The way parents handle a separation can have a huge impact on how well their children cope with it.
Research has shown that children from families where parents are involved a high conflict separation are at greater risk of developing emotional, social and behavioural problems.
Parental conflict has a negative impact on a child’s adjustment and sense of safety at a time when they are already experiencing significant changes and disruption as a result of the break up of their family.
Children who have experienced separation and divorce in their family unit are more likely to have behavioural and academic problems at school compared with children from other families.
Resolving parental conflict is vital to helping children adjust to the dynamics of their new family situation. Children who find themselves in the middle of a battle between their parents are likely to experience stress, anxiety and anger of their own, and are usually lacking the maturity and tools to manage those emotions.

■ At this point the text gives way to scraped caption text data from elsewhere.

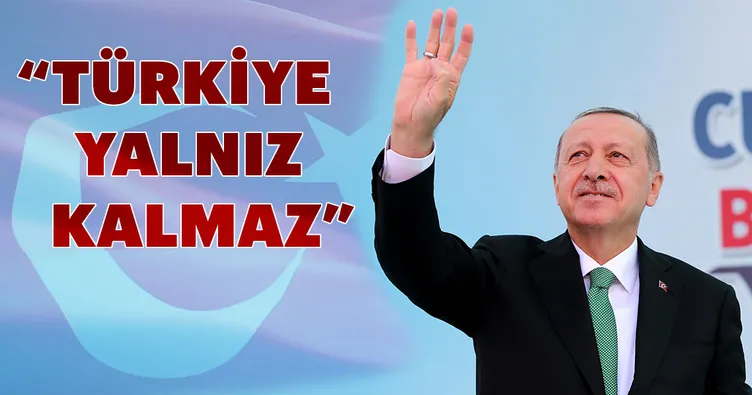 ‘Türkiye yalnız kalmaz’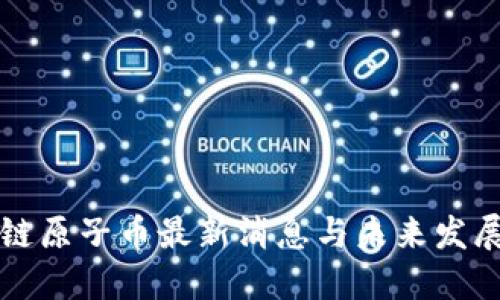 区块链原子币最新消息与未来发展趋势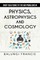 Brief Solutions to the Big Problems in Physics, Astrophysics and Cosmology second edition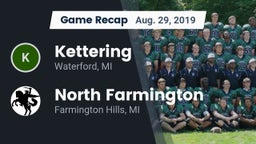 Recap: Kettering  vs. North Farmington  2019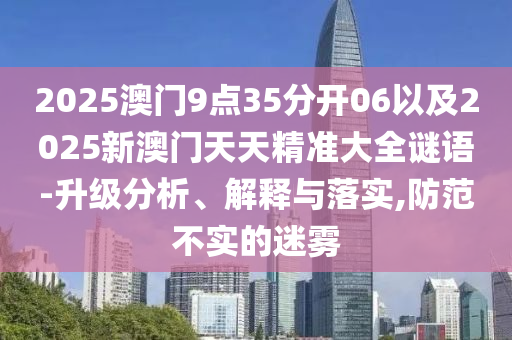 2025澳門9點35分開06以及2025新澳門天天精準大全謎語-升級分析、解釋與落實,防范不實的迷霧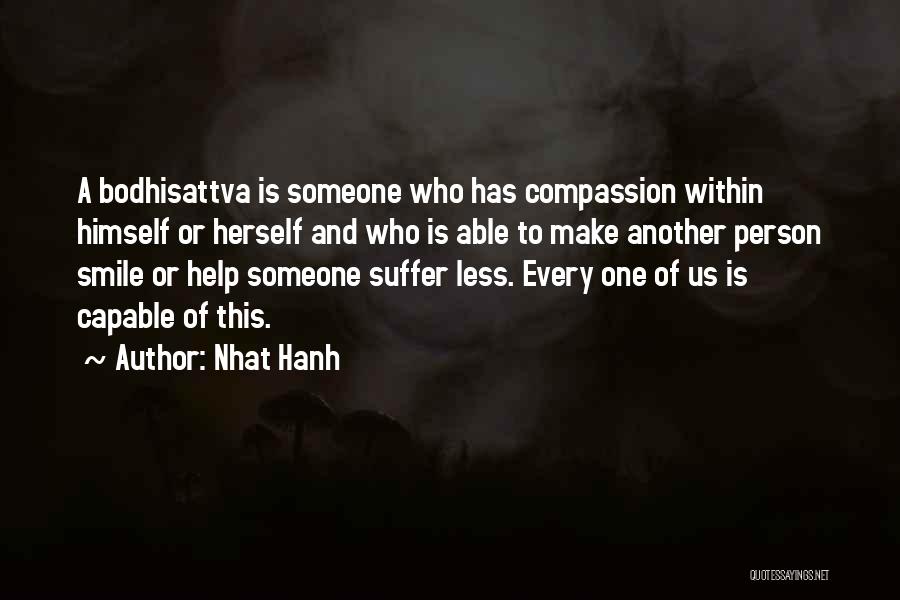 Nhat Hanh Quotes: A Bodhisattva Is Someone Who Has Compassion Within Himself Or Herself And Who Is Able To Make Another Person Smile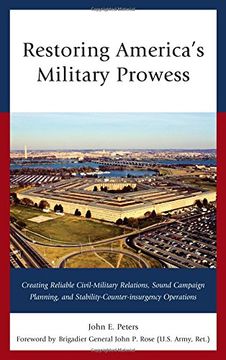 portada Restoring America's Military Prowess: Creating Reliable Civil-Military Relations, Sound Campaign Planning and Stability-Counter-insurgency Operations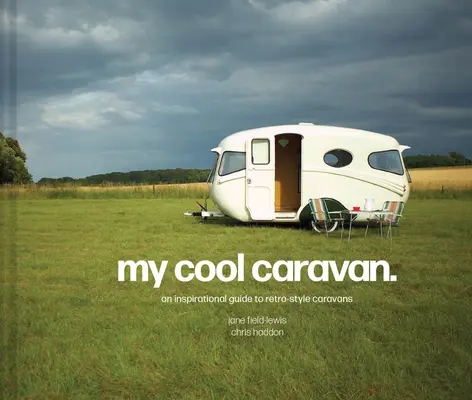 My Cool Caravan: Una guía inspiradora de caravanas de estilo retro - My Cool Caravan: An Inspirational Guide to Retro-Style Caravans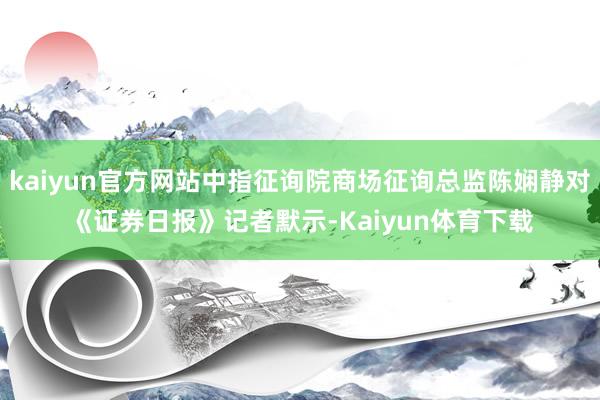 kaiyun官方网站中指征询院商场征询总监陈娴静对《证券日报》记者默示-Kaiyun体育下载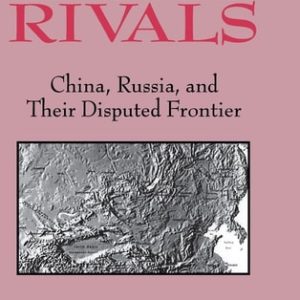Imperial Rivals: China, Russia, and Their Disputed Frontier (1st Edition)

Low parental conflict and cooperative parenting post-separation have been shown to have a significant impact on children’s positive adjustment to family breakdown.

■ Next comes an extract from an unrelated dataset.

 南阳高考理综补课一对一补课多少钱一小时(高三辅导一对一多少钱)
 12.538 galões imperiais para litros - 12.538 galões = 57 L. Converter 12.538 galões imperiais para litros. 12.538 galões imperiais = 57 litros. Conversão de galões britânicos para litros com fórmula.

Helping children to manage changes and transitions and providing children with an environment in which they feel both physically and psychologically safe with both parents is critical to their wellbeing and development.

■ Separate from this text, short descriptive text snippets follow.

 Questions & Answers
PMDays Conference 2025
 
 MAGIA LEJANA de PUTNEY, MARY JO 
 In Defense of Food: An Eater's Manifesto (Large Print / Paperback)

Parents who are able to work respectfully to negotiate and facilitate parenting and other arrangements post separation, help their children adjust to the disruption and changes in family structure resulting from a family breakdown.
There is a range of services available to help parents and children negotiate the family breakup minefield. Many of these services are free of charge and can provide support for both parents and children during what is an emotionally difficult process for everyone involved.